▶ [ACTION ITEM]:
Reproduce verbatim the line containing "609 Heartwood Ln, Summerville, SC, 29486-8303" and every line that follows it through the end of the entries below, omitting all pictures.
== DATA SHOWN
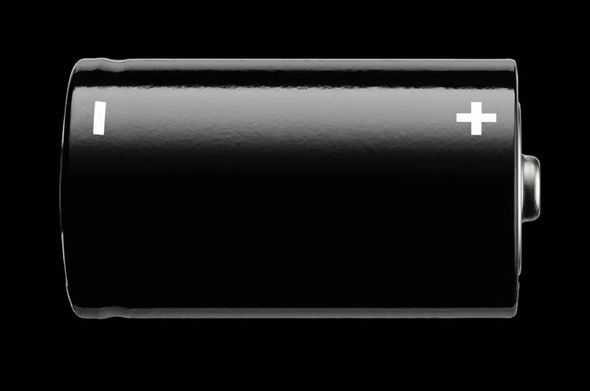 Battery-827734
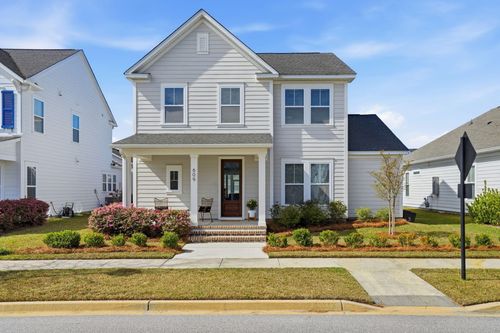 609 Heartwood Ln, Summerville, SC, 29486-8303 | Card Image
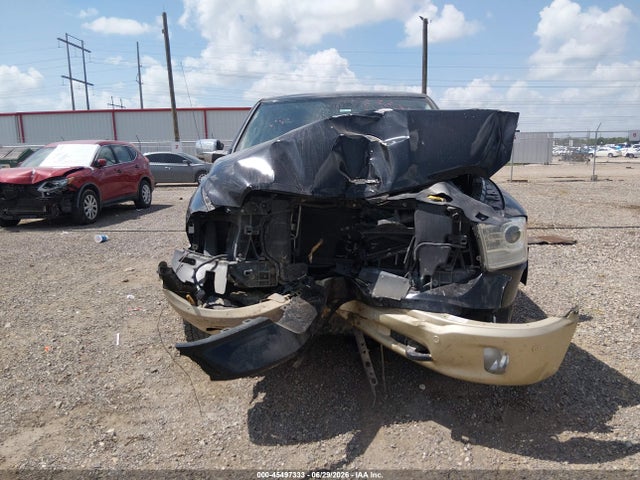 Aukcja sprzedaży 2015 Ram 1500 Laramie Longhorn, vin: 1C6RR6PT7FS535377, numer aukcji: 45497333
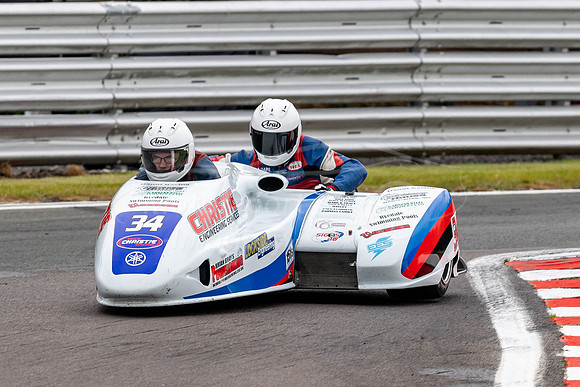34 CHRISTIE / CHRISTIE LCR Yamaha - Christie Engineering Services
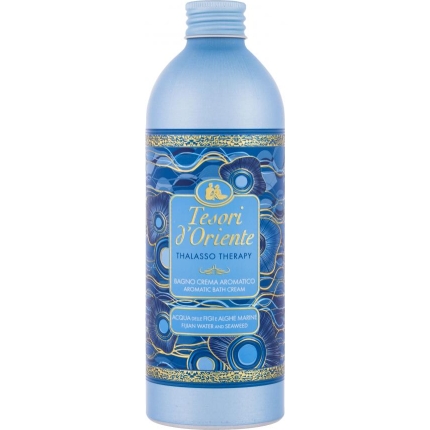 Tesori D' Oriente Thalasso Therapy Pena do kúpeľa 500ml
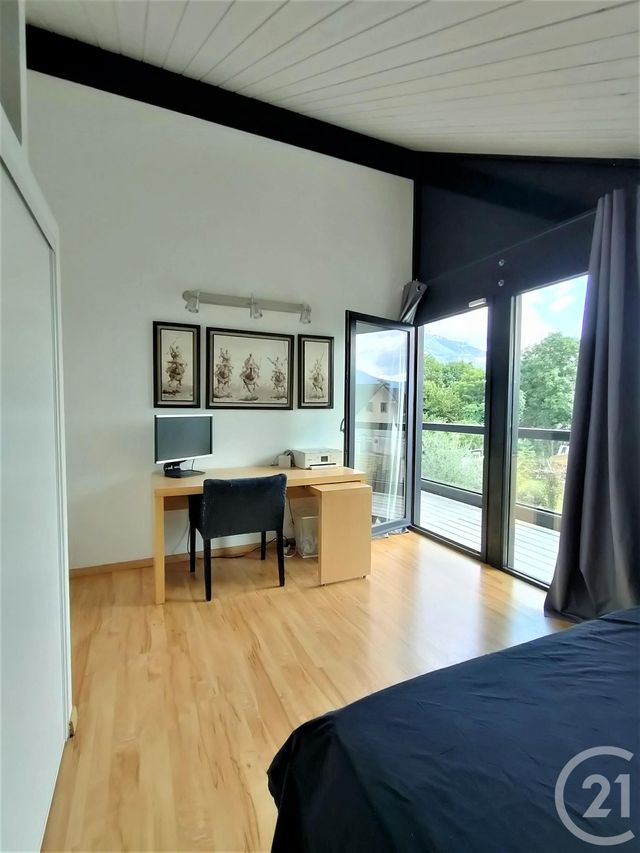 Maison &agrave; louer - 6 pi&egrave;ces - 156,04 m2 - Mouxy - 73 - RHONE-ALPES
====
▶ [ANSWER SPACE]:
 609 Heartwood Ln, Summerville, SC, 29486-8303 | Card Image
 Aukcja sprzedaży 2015 Ram 1500 Laramie Longhorn, vin: 1C6RR6PT7FS535377, numer aukcji: 45497333
34 CHRISTIE / CHRISTIE LCR Yamaha - Christie Engineering Services
 Tesori D' Oriente Thalasso Therapy Pena do kúpeľa 500ml
 Maison &agrave; louer - 6 pi&egrave;ces - 156,04 m2 - Mouxy - 73 - RHONE-ALPES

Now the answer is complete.